Just when it was thought that smartphones could not get any thinner, Caltech engineers just had to be creative and muck everything up. By creating a camera technology that does not require a lens, these Brainiacs basically gave smartphone creators license to make even more anorexic devices than ever before. Then again, ugly bulges won’t be a problem anymore, so that’s a plus.
Using special sensors and a custom software, the Caltech engineers basically created a camera design that replicates the same light-capturing effect of lenses of digital cameras, PC Mag reports. It’s basically a smaller version of something called a phased array, which radar and wireless antennae technology employed. In the university newsroom piece, Ali Hajimiri, a professor of electrical engineering at Caltech explained how the system works.

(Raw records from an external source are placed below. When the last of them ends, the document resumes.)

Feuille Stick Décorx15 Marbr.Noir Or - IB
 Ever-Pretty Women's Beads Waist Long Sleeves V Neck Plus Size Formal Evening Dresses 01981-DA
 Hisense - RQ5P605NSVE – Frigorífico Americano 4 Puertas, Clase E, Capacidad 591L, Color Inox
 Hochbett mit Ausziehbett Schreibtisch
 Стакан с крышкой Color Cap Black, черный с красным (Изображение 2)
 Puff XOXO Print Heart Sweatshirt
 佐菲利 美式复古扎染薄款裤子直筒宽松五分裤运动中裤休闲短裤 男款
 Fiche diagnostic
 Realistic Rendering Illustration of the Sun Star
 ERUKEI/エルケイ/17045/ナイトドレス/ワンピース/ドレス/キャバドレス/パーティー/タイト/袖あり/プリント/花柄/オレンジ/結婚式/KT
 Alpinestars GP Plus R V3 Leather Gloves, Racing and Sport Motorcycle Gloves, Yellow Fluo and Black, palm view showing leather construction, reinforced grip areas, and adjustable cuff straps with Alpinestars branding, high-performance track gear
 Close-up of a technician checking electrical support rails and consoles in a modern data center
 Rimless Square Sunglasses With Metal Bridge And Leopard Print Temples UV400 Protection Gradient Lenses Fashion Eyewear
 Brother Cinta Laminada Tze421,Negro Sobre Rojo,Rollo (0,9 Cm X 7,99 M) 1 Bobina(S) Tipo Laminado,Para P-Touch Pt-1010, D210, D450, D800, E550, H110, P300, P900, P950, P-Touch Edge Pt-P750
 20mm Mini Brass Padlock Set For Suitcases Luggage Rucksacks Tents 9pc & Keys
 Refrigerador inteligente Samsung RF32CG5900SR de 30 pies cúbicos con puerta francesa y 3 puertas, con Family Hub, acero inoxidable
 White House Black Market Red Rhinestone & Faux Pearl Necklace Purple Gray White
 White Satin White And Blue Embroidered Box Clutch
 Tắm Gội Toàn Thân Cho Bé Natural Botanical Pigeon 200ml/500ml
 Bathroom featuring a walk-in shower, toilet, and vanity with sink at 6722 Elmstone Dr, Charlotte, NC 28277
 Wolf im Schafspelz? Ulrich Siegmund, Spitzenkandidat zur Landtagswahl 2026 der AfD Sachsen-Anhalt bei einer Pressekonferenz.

"We've created a single thin layer of integrated silicon photonics that emulates the lens and sensor of a digital camera, reducing the thickness and cost of digital cameras,” Prof. Hajimiri said. “It can mimic a regular lens, but can switch from a fish-eye to a telephoto lens instantaneously—with just a simple adjustment in the way the array receives light."
On that note, this camera technology is no guarantee of adoption. What customers want from their smartphone cameras is clarity and quality, more than anything else. If the lens-less camera that Caltech engineers created is unable to provide the crisp images that today’s iPhone and Samsung Galaxy can capture, it will be of no use to Apple or any other company.
According to the researchers, this is exactly what they are planning to do for the next phase of the project, CNET reports. By improving the resolution of the images that the ultrathin camera can capture, there might be a place for it in the manufacturing process of the smartphones of the future.